SAN FRANCISCO — Efforts by Oregon legislators to set up a temporary cease-fire in the controversy over cutting old-growth timber collapsed Wednesday when both sides said they could not reach an agreement in time to pass the necessary legislation.
However, environmentalists and Oregon's congressional delegation continued to offer hope that some accommodation might yet be developed in time for them to add it to legislation to accompany the federal budget for the fiscal year starting in October.
California's congressional delegation also joined the old-growth fight, but on the side of less logging. All but two people in the 45-member delegation have signed a letter pleading for an immediate moratorium on the logging of virgin coastal redwood forests.
For now, however, the future of the nation's dwindling old-growth forests is left with the federal courts, which have issued injunctions restricting logging on large tracts in Oregon, California and Washington, the top timber states.
For the Record
Los Angeles Times Friday June 30, 1989 Home Edition Part 1 Page 2 Column 6 Metro Desk 2 inches; 46 words Type of Material: Correction
In an article Thursday on the controversy over Pacific Coast timber harvests, a letter urging a moratorium on redwood logging was incorrectly described as being signed by 43 members of California's congressional delegation.
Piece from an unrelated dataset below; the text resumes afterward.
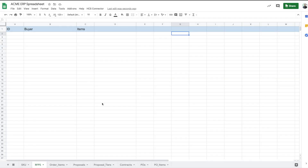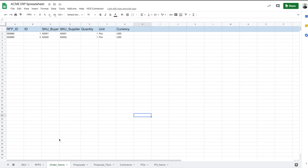Shortly, Bob sees his spreadsheet populated with the latest request from Alice. Bob reviews the request and decides to send a formal proposal to Alice.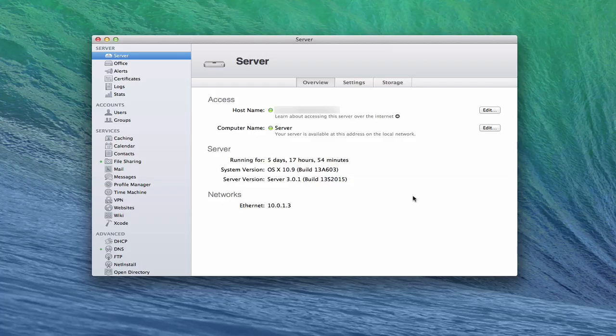Hi everybody, this is Todd Oltoff from ToddOltoff.com coming back at you with another screencast. This week we're going to continue our look at Maverick Server, and we're going to talk about our network configuration.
The letter was signed by 18 members of the state's delegation and by 25 House members from other states.
Deal Called Dead
"Basically, the deal we offered on Saturday is dead," said Lee Weinstein, a spokesman for Oregon Gov. Neil Goldschmidt.
The governor, along with the state's seven-member congressional delegation, last Saturday had developed a short-term compromise in a bitter battle between environmentalists and loggers over how best to manage the virgin timberland of the Pacific Northwest. In order to make saw logs available to mills, environmentalists were being asked to withdraw their successful lawsuits and timber industry groups were being asked to significantly improve their logging methods.
Industry leaders accepted the proposal by the original Tuesday deadline but environmentalists balked at several points, especially at a provision prohibiting them from appealing or suing on any of the timber sales included in the compromise.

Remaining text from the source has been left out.